A C1 esterase inhibitor (C1-INH) test is generally considered low-risk, as it involves a standard blood draw. The primary risks include minor discomfort, bruising, or bleeding at the puncture site, and, in rare cases, infection. Patients with bleeding disorders or those taking anticoagulants may have a slightly higher risk of prolonged bleeding. Fainting or lightheadedness can occur in individuals with a fear of needles or blood. Proper sterile techniques and trained phlebotomists minimize most risks. Overall, the benefits of diagnosing hereditary angioedema (HAE) or other conditions outweigh the minimal risks associated with the test.

The C1 esterase inhibitor (C1-INH) test measures the level and function of the C1-INH protein in the blood, which is crucial for regulating the complement system and preventing excessive inflammation. Normal antigenic levels typically range between 16 and 33 mg/dL, while functional activity is usually between 70% and 130% of normal. Lower levels or reduced activity may indicate hereditary or acquired angioedema, while elevated levels can be associated with acute phase reactions or inflammation. Interpretation should always be correlated with clinical symptoms and other diagnostic findings.

The C1 esterase inhibitor (C1-INH) test measures the level and function of C1-INH, a protein that regulates the complement system and helps control inflammation. A normal result typically indicates sufficient levels and functional activity of C1-INH, ruling out hereditary or acquired angioedema. Low levels or reduced function of C1-INH may suggest hereditary angioedema (HAE) type I or II, or acquired angioedema (AAE), which can lead to recurrent episodes of swelling. Further clinical correlation and additional testing, such as C4 levels, are often required to confirm the diagnosis and guide appropriate treatment.
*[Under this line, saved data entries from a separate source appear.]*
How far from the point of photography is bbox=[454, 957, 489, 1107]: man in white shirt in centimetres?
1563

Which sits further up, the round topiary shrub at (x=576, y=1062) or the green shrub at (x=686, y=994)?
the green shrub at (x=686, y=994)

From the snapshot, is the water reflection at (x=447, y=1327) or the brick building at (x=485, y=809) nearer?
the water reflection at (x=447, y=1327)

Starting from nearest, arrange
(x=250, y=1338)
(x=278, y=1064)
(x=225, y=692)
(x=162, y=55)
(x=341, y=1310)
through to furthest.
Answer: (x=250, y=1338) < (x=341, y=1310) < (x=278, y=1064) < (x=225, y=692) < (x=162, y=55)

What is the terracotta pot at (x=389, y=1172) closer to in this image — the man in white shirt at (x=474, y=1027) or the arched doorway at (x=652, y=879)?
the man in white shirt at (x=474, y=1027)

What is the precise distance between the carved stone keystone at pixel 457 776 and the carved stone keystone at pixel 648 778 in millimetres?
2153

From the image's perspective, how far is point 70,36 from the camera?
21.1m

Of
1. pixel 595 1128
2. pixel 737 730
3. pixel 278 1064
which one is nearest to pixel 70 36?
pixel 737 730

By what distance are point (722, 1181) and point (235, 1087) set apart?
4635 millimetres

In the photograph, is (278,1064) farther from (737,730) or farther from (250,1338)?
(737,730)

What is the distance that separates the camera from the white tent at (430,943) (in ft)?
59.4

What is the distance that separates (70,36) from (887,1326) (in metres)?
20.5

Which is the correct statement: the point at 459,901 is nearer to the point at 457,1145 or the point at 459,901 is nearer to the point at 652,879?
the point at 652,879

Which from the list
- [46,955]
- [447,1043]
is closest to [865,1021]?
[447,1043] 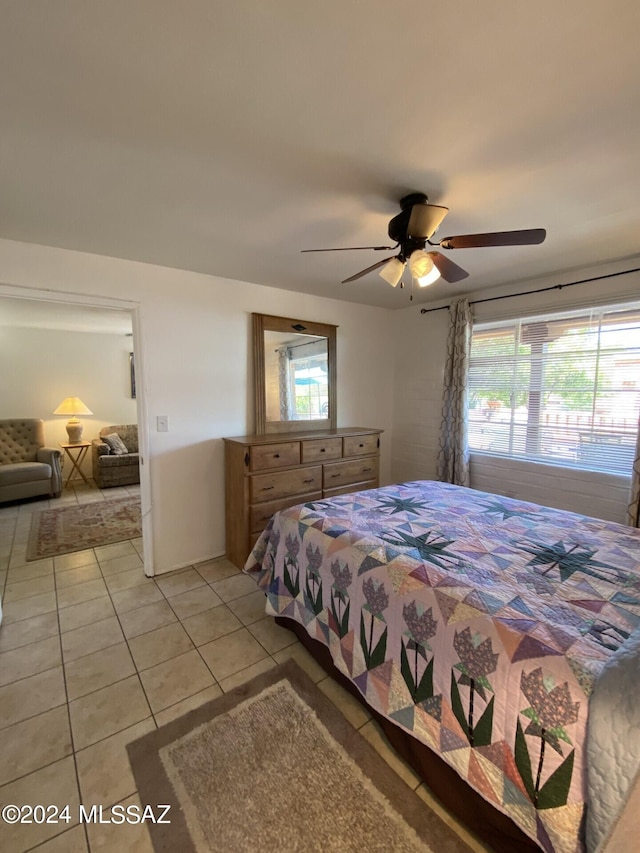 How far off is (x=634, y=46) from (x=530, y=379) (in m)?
2.51

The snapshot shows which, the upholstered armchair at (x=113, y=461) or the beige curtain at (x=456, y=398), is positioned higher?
the beige curtain at (x=456, y=398)

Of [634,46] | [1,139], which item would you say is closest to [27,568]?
[1,139]

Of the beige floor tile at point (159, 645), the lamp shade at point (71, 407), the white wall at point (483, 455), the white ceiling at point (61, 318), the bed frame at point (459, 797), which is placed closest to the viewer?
the bed frame at point (459, 797)

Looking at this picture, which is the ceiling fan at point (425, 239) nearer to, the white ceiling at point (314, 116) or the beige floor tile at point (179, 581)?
the white ceiling at point (314, 116)

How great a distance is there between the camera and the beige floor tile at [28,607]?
2311 mm

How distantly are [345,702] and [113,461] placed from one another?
463cm

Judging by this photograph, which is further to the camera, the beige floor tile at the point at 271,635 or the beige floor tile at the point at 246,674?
the beige floor tile at the point at 271,635

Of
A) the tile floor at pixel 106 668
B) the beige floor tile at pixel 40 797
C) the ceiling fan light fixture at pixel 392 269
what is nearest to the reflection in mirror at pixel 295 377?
the tile floor at pixel 106 668

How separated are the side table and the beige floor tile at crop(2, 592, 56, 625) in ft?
10.7

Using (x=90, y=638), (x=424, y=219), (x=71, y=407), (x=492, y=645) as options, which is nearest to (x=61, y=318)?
(x=71, y=407)

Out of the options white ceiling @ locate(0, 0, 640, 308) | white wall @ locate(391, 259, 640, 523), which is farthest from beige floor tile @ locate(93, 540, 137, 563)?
white wall @ locate(391, 259, 640, 523)

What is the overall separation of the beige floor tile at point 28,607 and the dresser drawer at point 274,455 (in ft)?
5.37

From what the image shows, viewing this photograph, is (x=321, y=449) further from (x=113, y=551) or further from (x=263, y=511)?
(x=113, y=551)

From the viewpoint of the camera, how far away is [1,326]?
4871mm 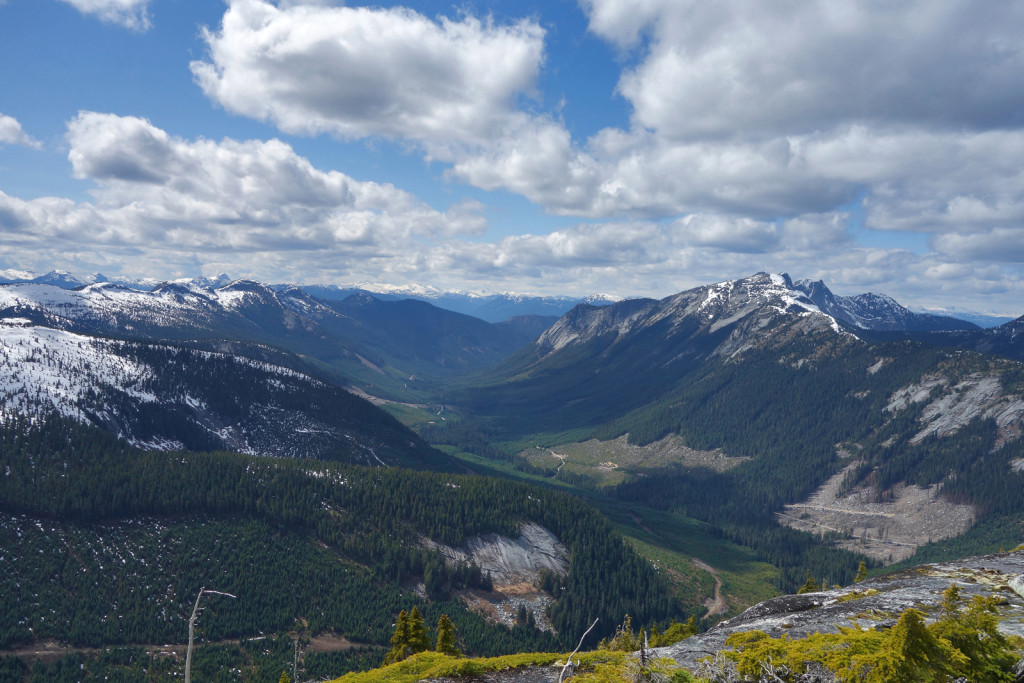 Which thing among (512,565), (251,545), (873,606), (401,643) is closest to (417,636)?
(401,643)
The C1 esterase inhibitor (C1-INH) test is a diagnostic assay used to evaluate the levels and functional activity of the C1-INH protein, which plays a critical role in regulating the complement system and controlling inflammation. The sample type required for this test is typically serum or plasma, collected via a standard blood draw. For functional activity testing, the sample must be handled carefully to preserve protein integrity, often requiring immediate processing or freezing to prevent degradation. In cases of suspected hereditary angioedema (HAE) or acquired angioedema, both quantitative (antigenic) and qualitative (functional) assessments of C1-INH may be performed to confirm deficiencies or dysfunction. Proper collection and storage protocols are essential to ensure accurate results.